And there is a formulaic bit about damaging fathers and odd wives. More: there's the project command center that is drawn from movies and not from life. And finally, our hero is told the FBI's biggest secret in an open public place. This would never ever happen, and it is staged this way only to help the pacing of the thing in terms of stagecraft. And that DIA computer room, with the nice clean Cray-like machines, is from the same fantasy world as "Red October's" neon-lighted missile tubes.

But in spite of all this, it works. And especially compared to "The Departed," it works, simply, cleanly, deeply.

That's because the filmmaker decided early in the game that he was going to do what the Hong Kong "Infernal Affairs" did well and others copied: this business of actors playing characters who are actors. In this case, we have two such in the same boat.

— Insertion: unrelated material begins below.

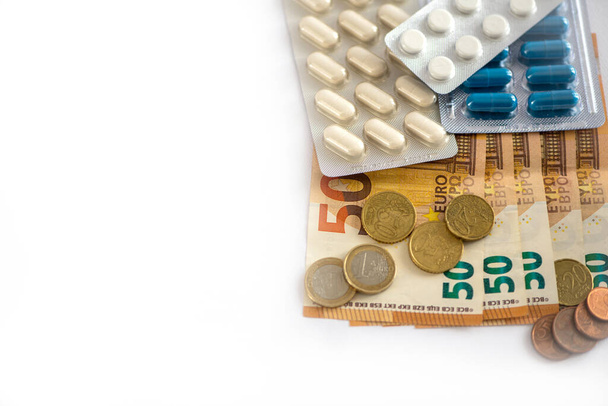  euro lie with pills on a white background - Fotoğraf, Görsel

We have a top information manager at the FBI working for the Russians and acting normal, even when leading the hunt for himself. We have the young under cover guy pretending to be simply a clerk. Each intuits the other is watching. The older man completely wins at the start, with the younger man eventually besting him in artifice. Its a calculation that the filmmaker makes, when deciding not to tell us why our young hero does what he does and where he gets the tools. In an ordinary story, that would hurt, but here it is a wise decision because such "explaining" would get in the way of the economy of the thing. And it is all about economic connection with us.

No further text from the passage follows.